The answer must repeat every record exactly, with all pictures omitted.

**** SUPPLIED MATERIAL ****

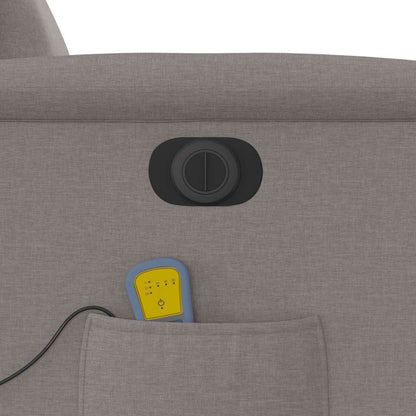 Poltrona Alzapersona Massaggiante Elettrica Tortora in Tessuto
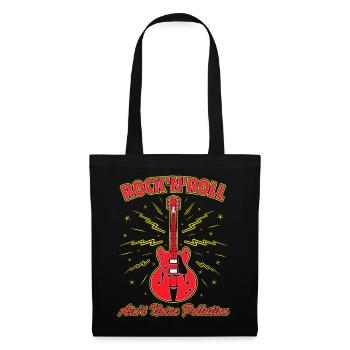 Rock 'n' Roll ist keine Lärmbelastung - Stoffbeutel - Schwarz - Vorne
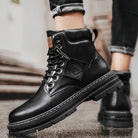 Men's Rugged Lace-Up Ankle Hiking Boots - Image 3
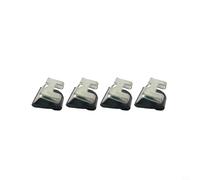 4 Stück Hintere Tür Vorhang Clip 8200163859 Kompatibel mit Für Renault Für Laguna 2 Für Megane 2-3 Ersatzteil Direktmontage Kunststoff Zubehör Innenraum Befestigung Clips Set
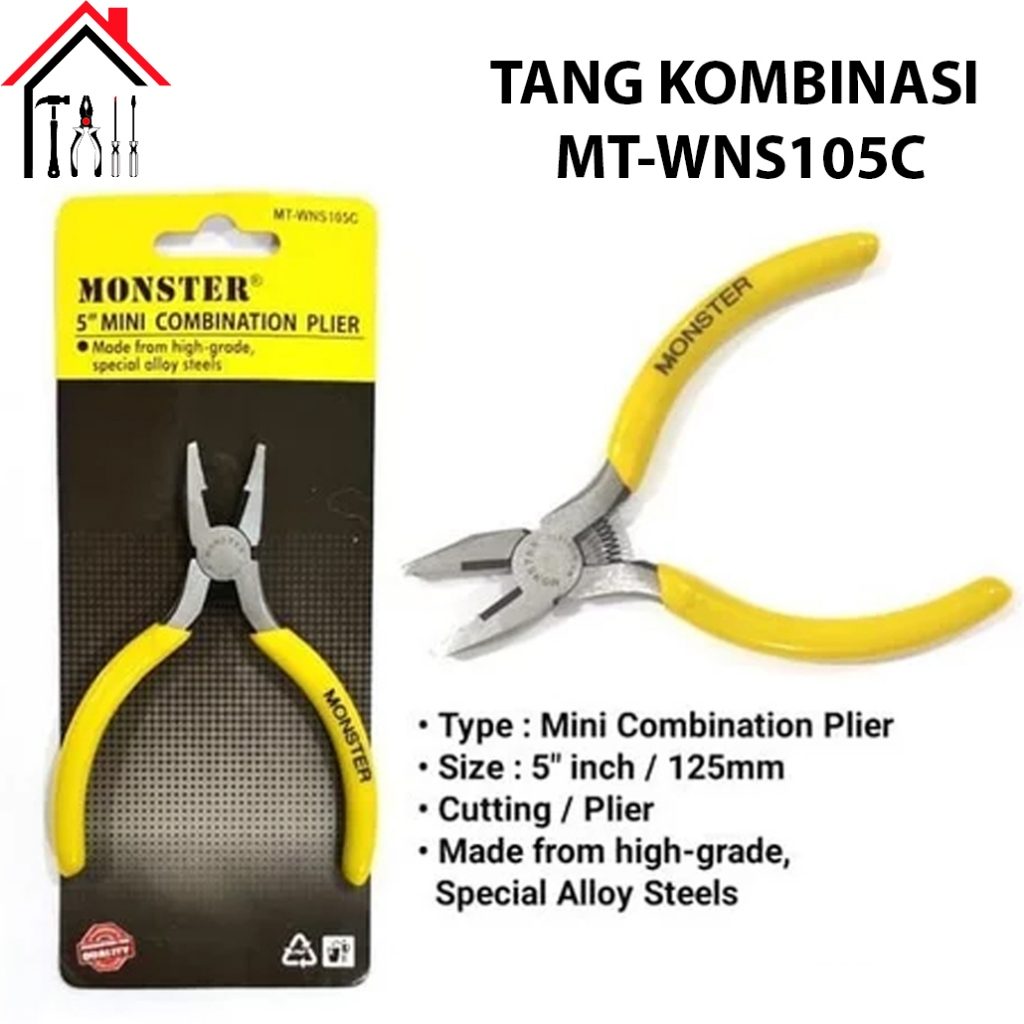 MYTOOLS TANG KOMBINASI MT-WNS105C / TANG MONSTER 5" / TANG POTONG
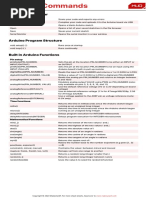 Arduino Commands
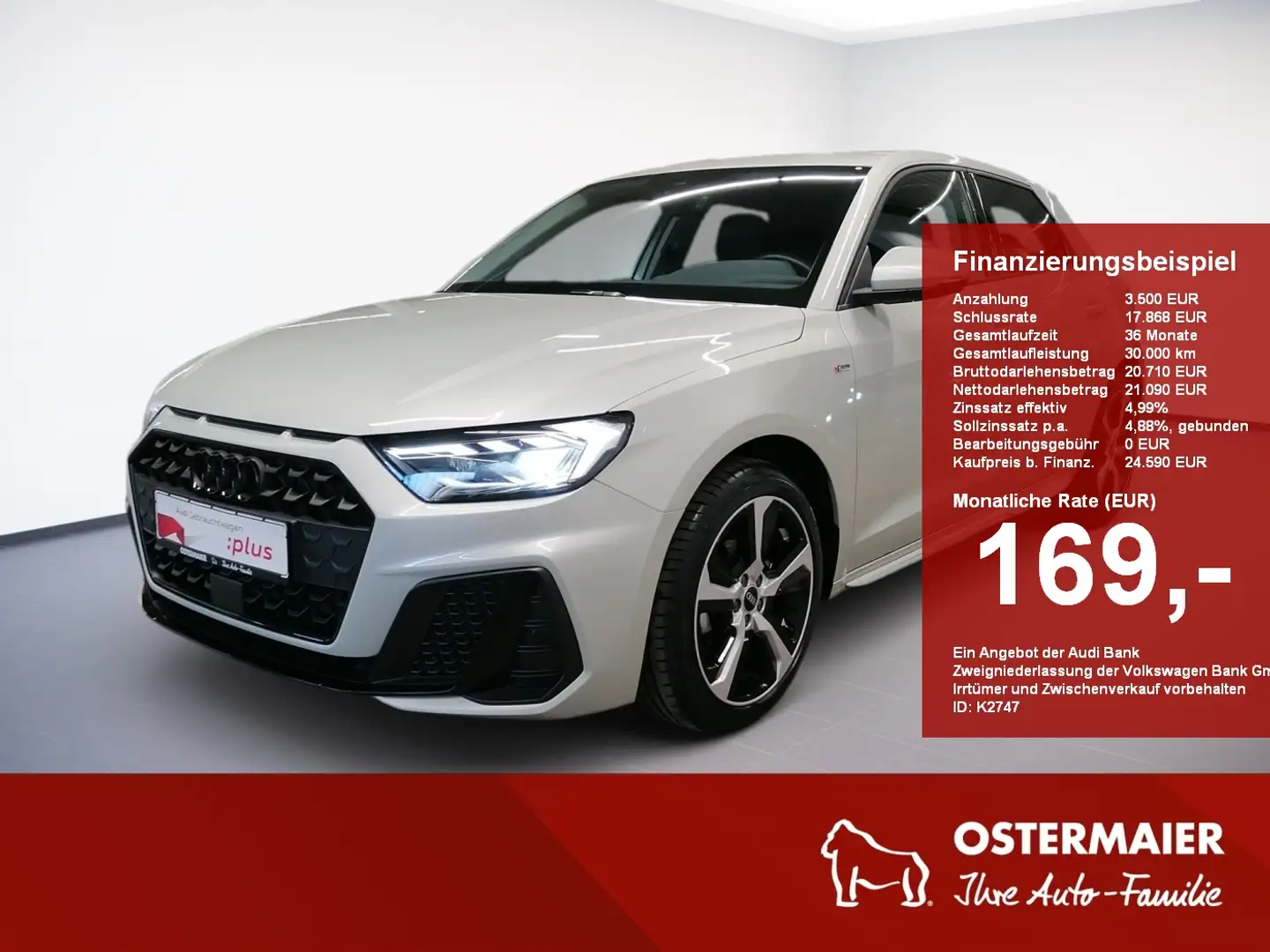 Audi A1 Sportback S-LINE 25TFSI 95PS.STRONIC.LED.NAVI.AC-A Silber - 1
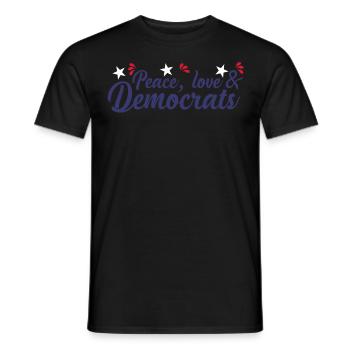 Democratic Elections Democracy Democrat - Men's T-Shirt - black - Front - AI Model Male 178 light (178cm)
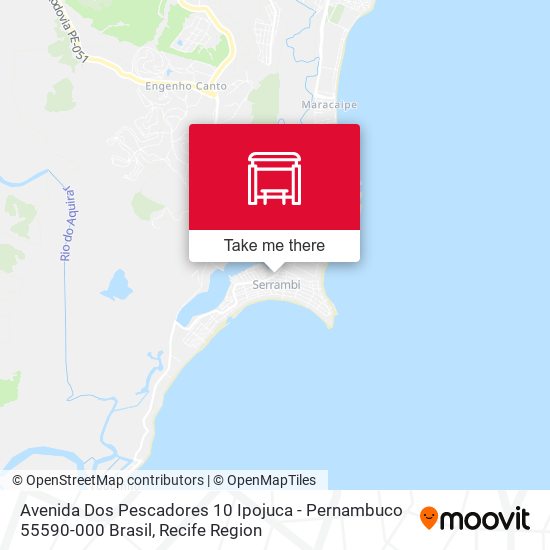 Avenida Dos Pescadores 10 Ipojuca - Pernambuco 55590-000 Brasil map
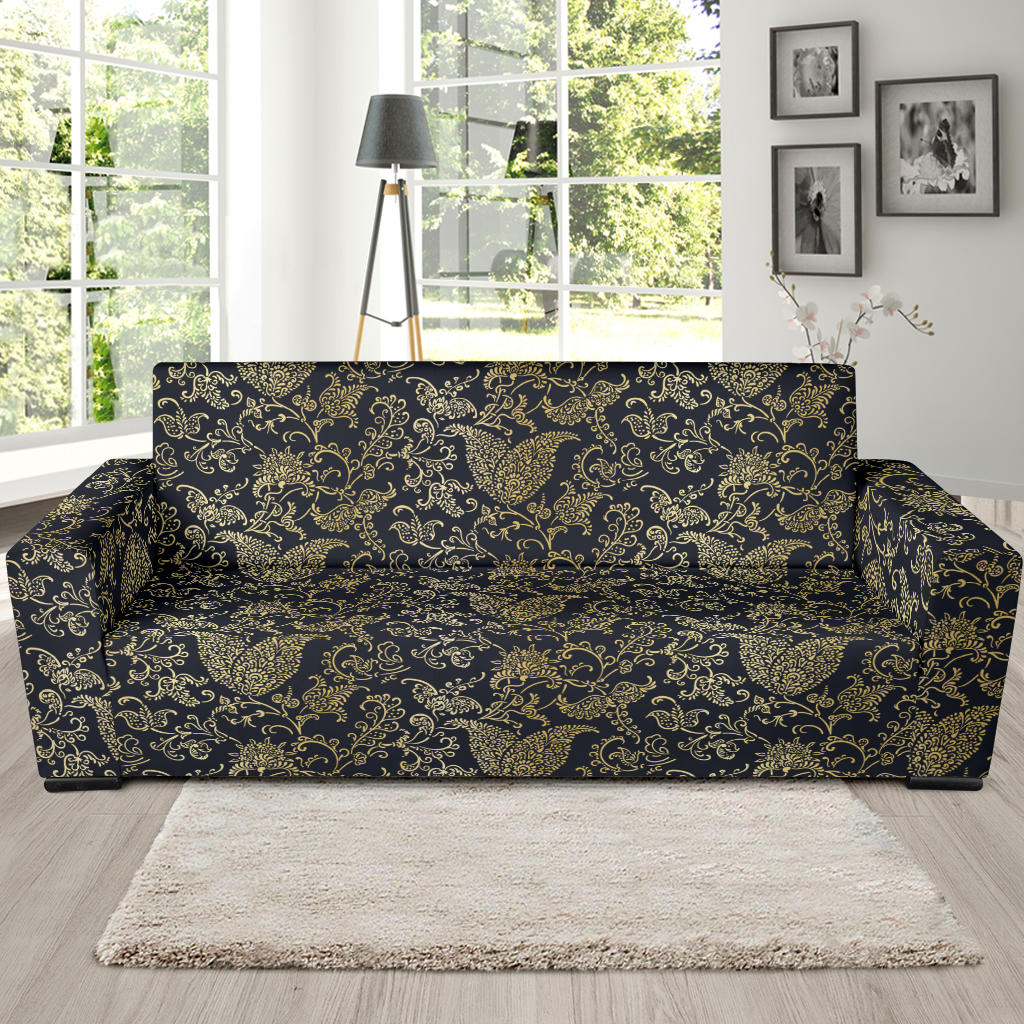 Brocade Pattern Print Design 04 Sofa Slipcover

****

RESPONSE BELOW -
 Poltrona Alzapersona Massaggiante Elettrica Tortora in Tessuto
 Rock 'n' Roll ist keine Lärmbelastung - Stoffbeutel - Schwarz - Vorne
 Men's Rugged Lace-Up Ankle Hiking Boots - Image 3
 4 Stück Hintere Tür Vorhang Clip 8200163859 Kompatibel mit Für Renault Für Laguna 2 Für Megane 2-3 Ersatzteil Direktmontage Kunststoff Zubehör Innenraum Befestigung Clips Set
 MYTOOLS TANG KOMBINASI MT-WNS105C / TANG MONSTER 5" / TANG POTONG
 Arduino Commands
 Audi A1 Sportback S-LINE 25TFSI 95PS.STRONIC.LED.NAVI.AC-A Silber - 1
 Democratic Elections Democracy Democrat - Men's T-Shirt - black - Front - AI Model Male 178 light (178cm)
 Avenida Dos Pescadores 10 Ipojuca - Pernambuco 55590-000 Brasil map
 Brocade Pattern Print Design 04 Sofa Slipcover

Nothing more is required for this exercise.